A §529 education savings plan, named after the tax code section authorizing its existence, is a state-sponsored education savings plan. All funds contributed into §529 education savings plan and all earnings realized can be used to pay for educational expenses at most accredited U.S. colleges and universities.

Beginning with the 2018 tax year, the IRS now allows you to spend up to $10,000 of your §529 funds annually to pay for elementary and high school education at a public, private or religious school. This can be a big help to parents who want to enroll their children in private schools.

The principal advantage for investing in a §529 education savings plan is that all earnings (i.e., interest, dividends or capital gains) realized on the amounts invested are compounded tax-free at the Federal and state levels. Nor are these earnings taxed when you withdraw them, as long as you use them for qualified educational expenses like tuition, room and board, books and equipment, like a laptop.

Although it’s usually parents and grandparents who open §529 accounts, any U.S. resident who is 18 years or older can open one. When you open a §529 account, you are the owner, or “participant”. You control the §529 account. You decide when and how much money to invest, and you’re in charge of distributing the money. The beneficiary of the account can be anyone you choose, including yourself, as long as they have a Social Security or Federal Tax ID number. You can change the beneficiary at any time.

In 2018 and 2019, the annual §529 plan contribution limit is $15,000 per recipient. For 2014 through 2017, the annual §529 plan contribution limit had been $14,000. What this means is that each individual may contribute up to $15,000 into another individual’s §529 plan each year, without incurring any gift tax liability. A married couple may contribute up to $30,000 into another individual’s §529 plan (a split gift of $15,000 each). There is no Federal or State deduction allowed for making such §529 plan contributions, however.

The IRS allows a special provision whereby an individual may prorate their contributions into a §529 education savings plan. For additional details regarding this special provision, please visit Gifts and Gift Taxes.

The owner of a §529 plan can withdraw money from it at any time for any reason. However, if the withdrawn funds are not used to pay for educational expenses, the earnings portion will be subject to both Federal and state income tax, and an additional Federal penalty tax of 10 percent will be levied.

 

Massachusetts §529 Education Savings Plans

The Commonwealth of Massachusetts offers two state §529 education savings plans through the Massachusetts Educational Financing Authority (FEMA), a not-for-profit state agency whose mission is to help Massachusetts students and families access and afford higher education and reach financial goals through education programs, tax-advantaged savings plans, low-cost loans, and expert guidance. These state §529 education savings plans are:

U.Fund College Investing Plan. This is a tax-advantaged investment plan, professionally managed by Fidelity Investments. The U.Fund College Investing Plan follows the same approach as other Fidelity plans established in Arizona, Delaware and New Hampshire. It features three age-based options; one using Fidelity mutual funds; one using Fidelity index mutual funds; and a third multi-firm option with portfolios that invest in funds offered by several different companies. The plans also offer 11 static options, and one option that invests in an interest-bearing deposit account.

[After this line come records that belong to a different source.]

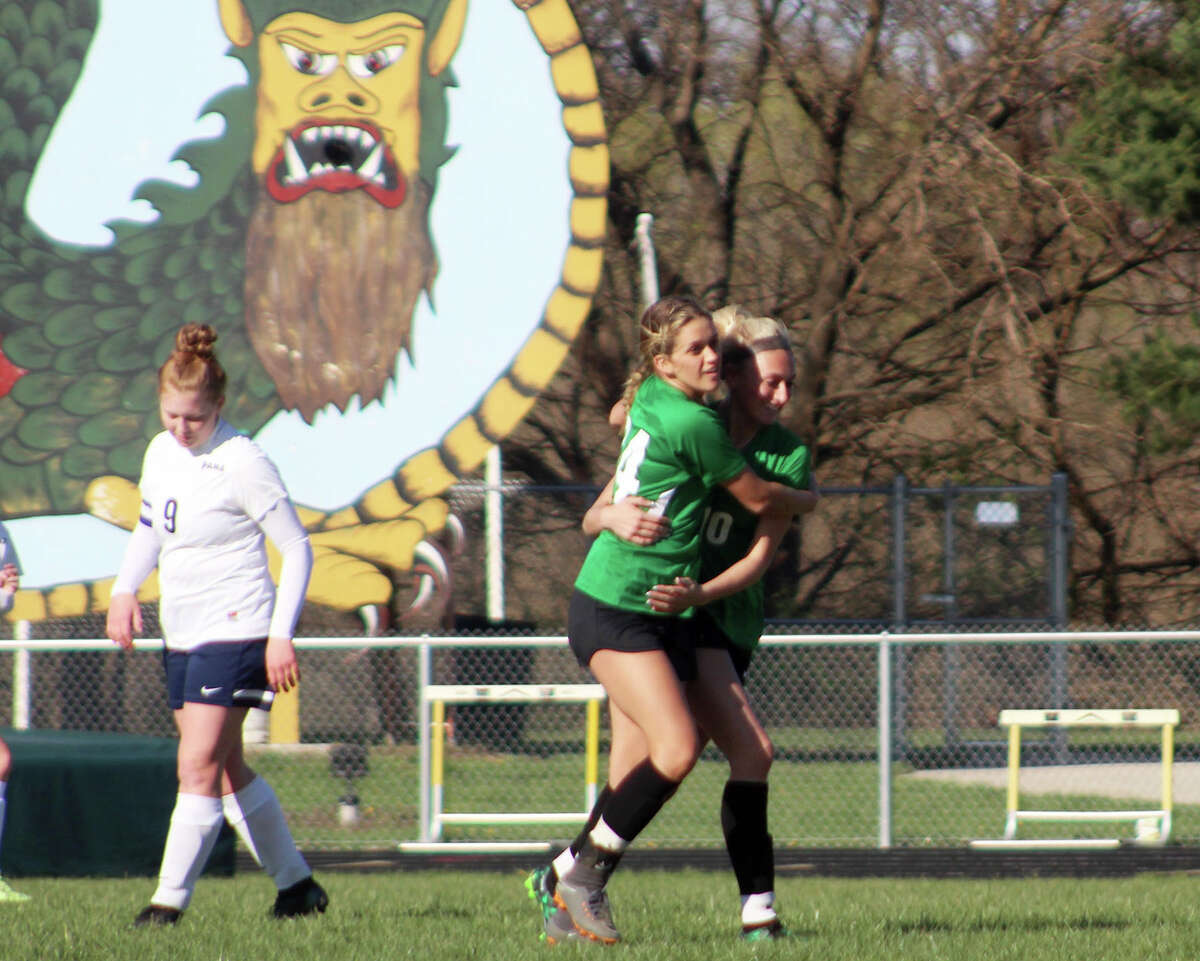 Southwestern's Mac Day (10) and Morgan Durham hug as they celebrate a goal by Day Thursday against Pana in at Southwestern as Pana's Kassie Weideman walks away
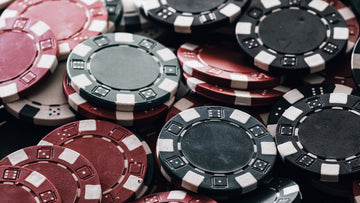 A stacked poker chip set featuring red, black, and green gambling chips, commonly used as casino chips and game chips for home games and poker table setups. | MRC Poker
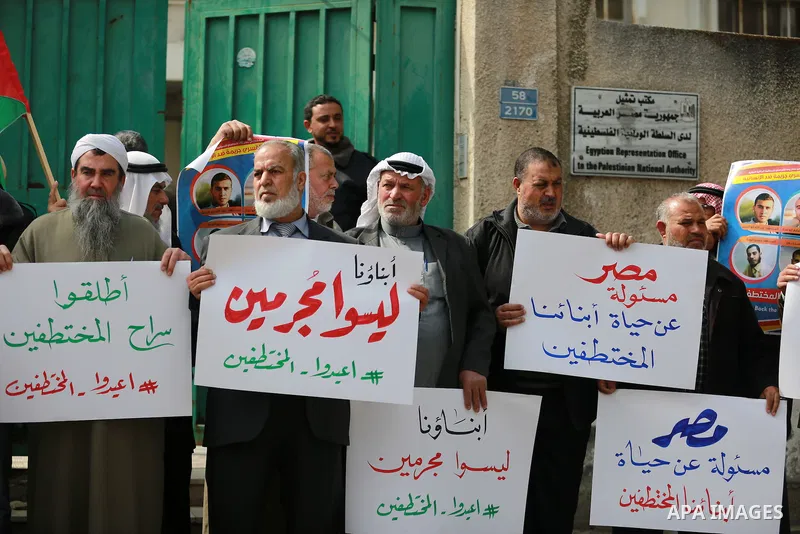 Relatives of four Palestinian men abducted by unidentified masked gunmen on August 19, hold their relatives' pictures during a protest demanding for their return, in front of the Egyptian embassy, in Gaza city, on Februa...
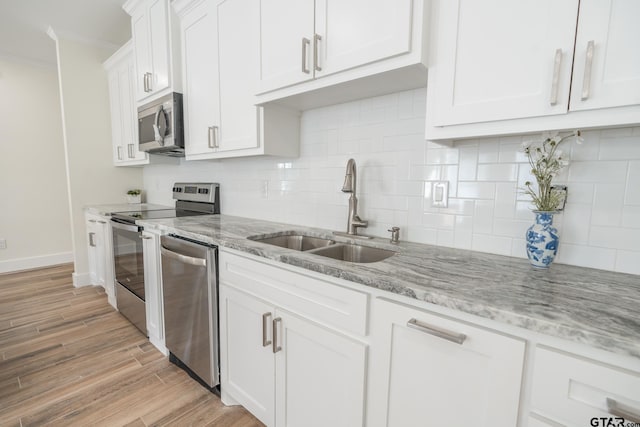 kitchen with white cabinetry, sink, backsplash, and appliances with stainless steel finishes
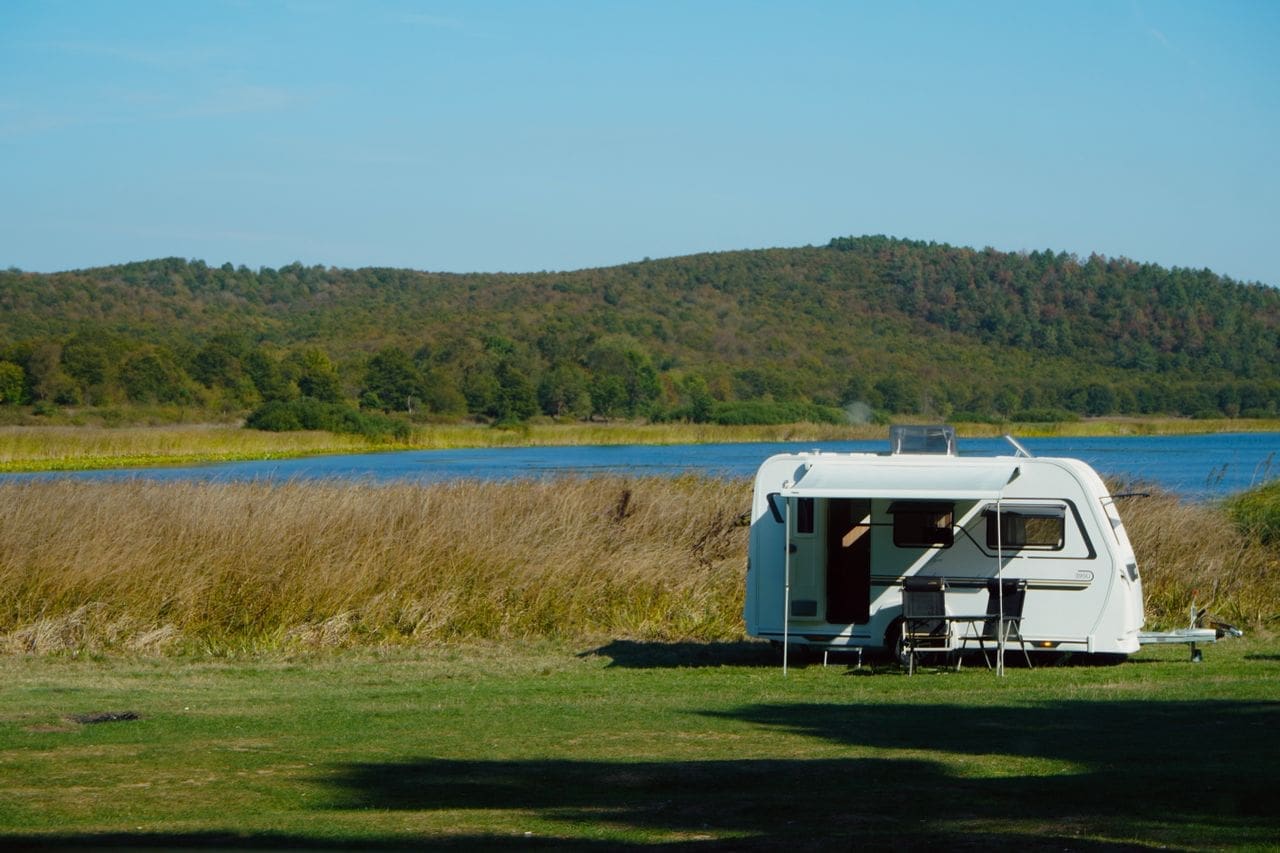 Recreational vehicle with awning at campsite in Little Rock, AR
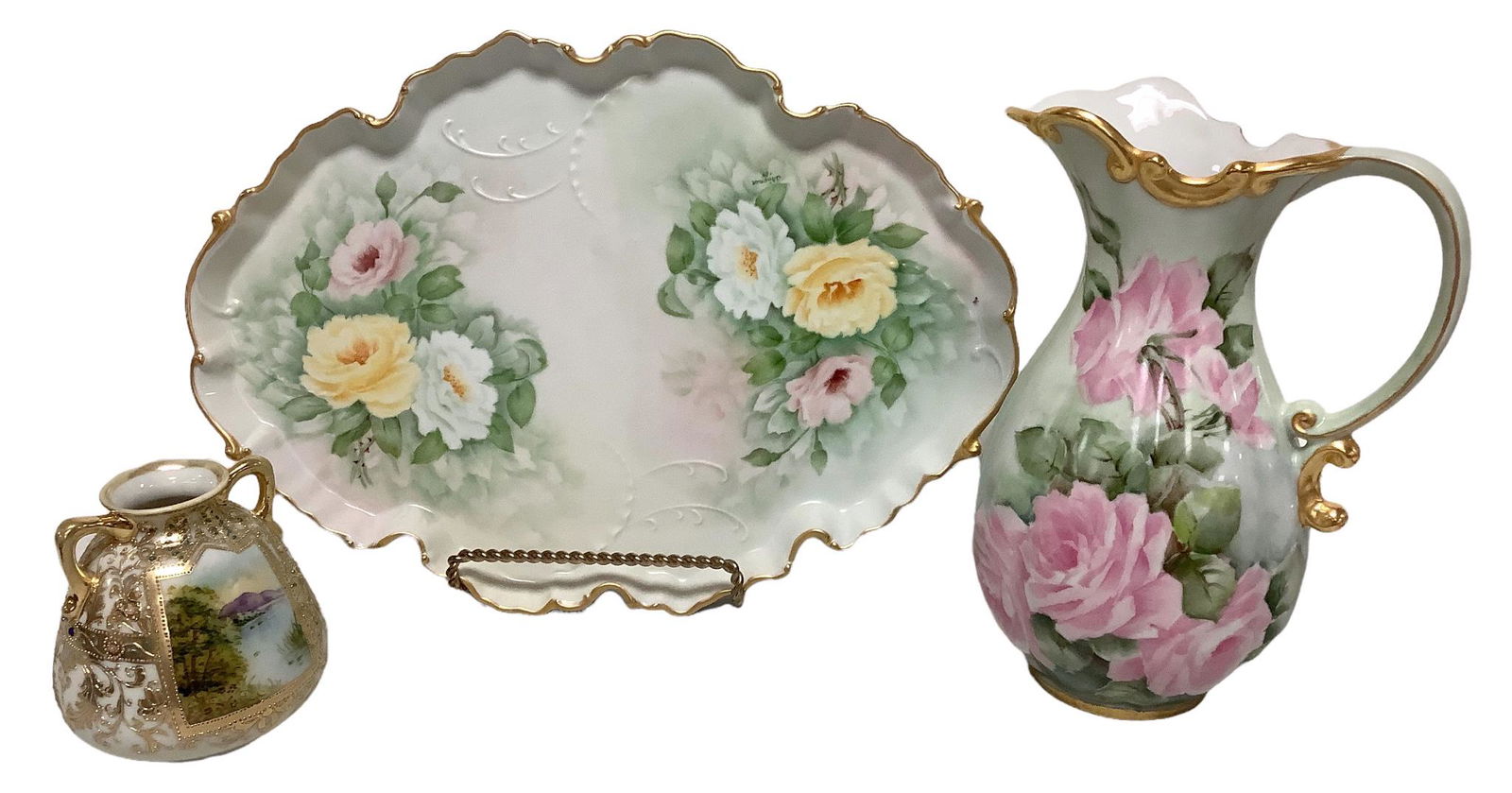 Lot of 3 floral porcelain items including an unmarked tray @ 15" wide, an unmarked pitcher w/pink (1 of 2)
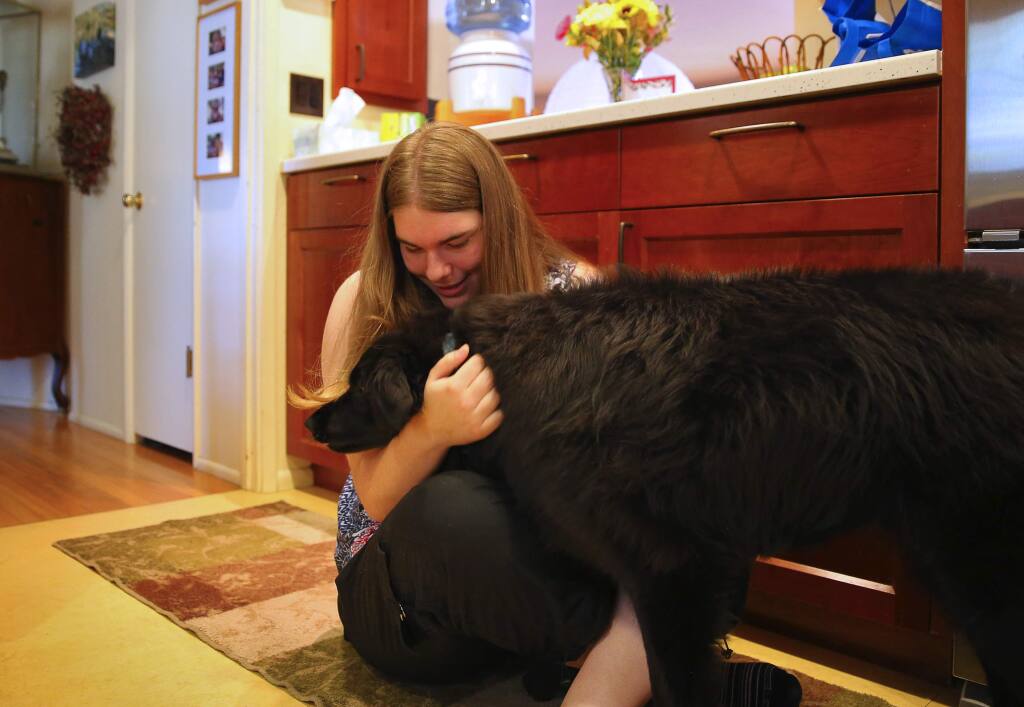 Claire Olney, 17, pets her dog, Bobbi, at her home in Santa Rosa, on Thursday, June 23, 2016. Olney has been diagnosed with Kleine-Levin syndrome, which causes her to sleep for 20 hours per day for a period of approximately six weeks. The episodes occur once or twice per year.(Christopher Chung/ The Press Democrat)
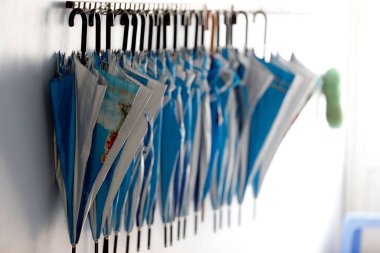 Rainy season. Umbrellas.  La Vang. Vietnam. 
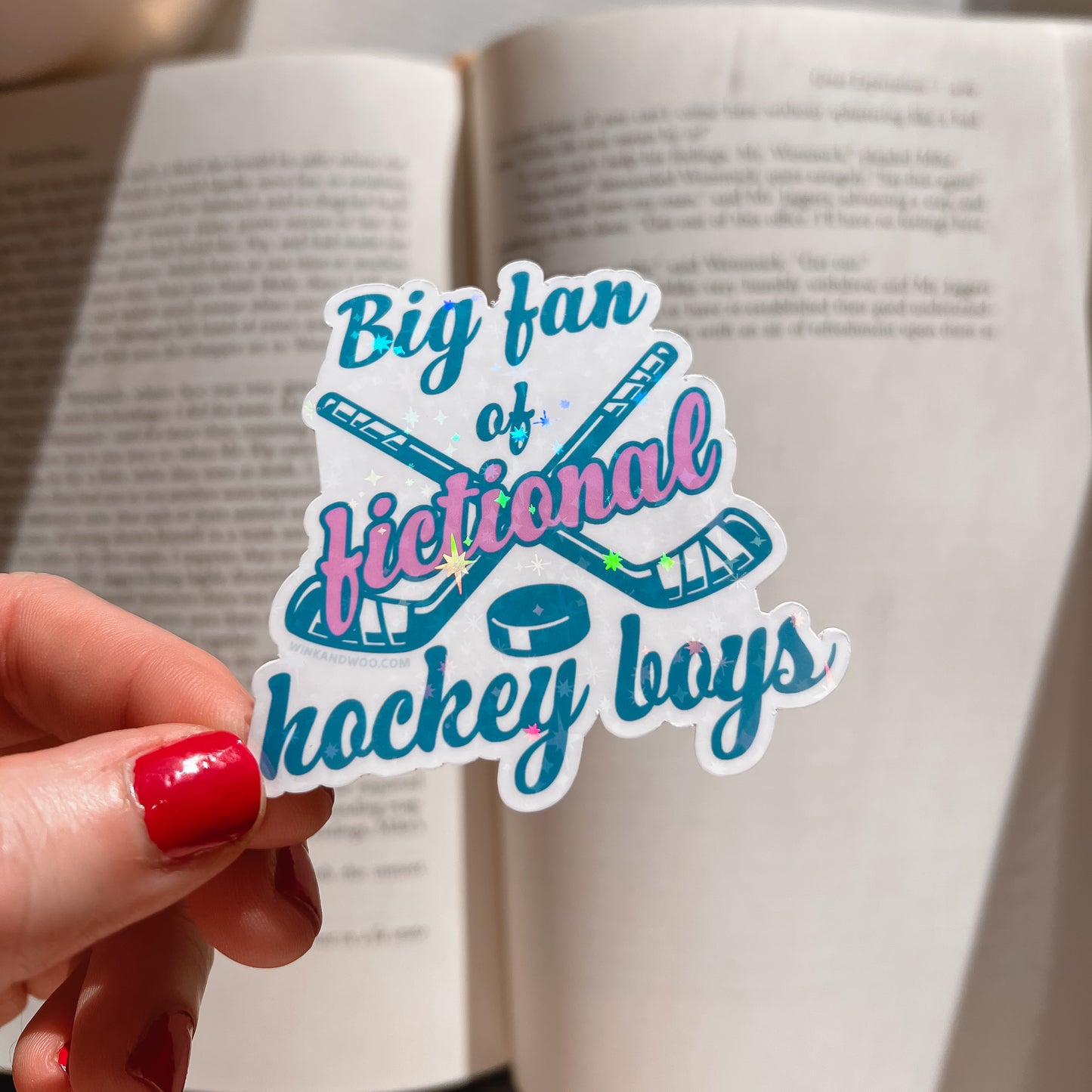 Sticker with 'Big fan of fictional hockey boys' text held over an open book.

U.Plan Prepaid College Tuition Plan. Participants purchase tuition certificates that lock in tuition and mandatory fees at their current rates. Earnings on the bonds that back the certificates are tax-free. The U.Plan can only be used to attend one of approximately 80 Massachusetts colleges or universities.

 

Massachusetts §529 Tax Benefits

Beginning in 2017, Massachusetts residents can claim a deduction for contributions they made into a Massachusetts §529 plan on Massachusetts Schedule Y, line 18. This deduction is limited to $2,000 (married couples filing jointly; $1,000 for single filers). These contributions must have been made into either of the Massachusetts §529 plans described above.

This Massachusetts deduction for contributions made into a Massachusetts §529 plan remains in effect through the 2021 tax year.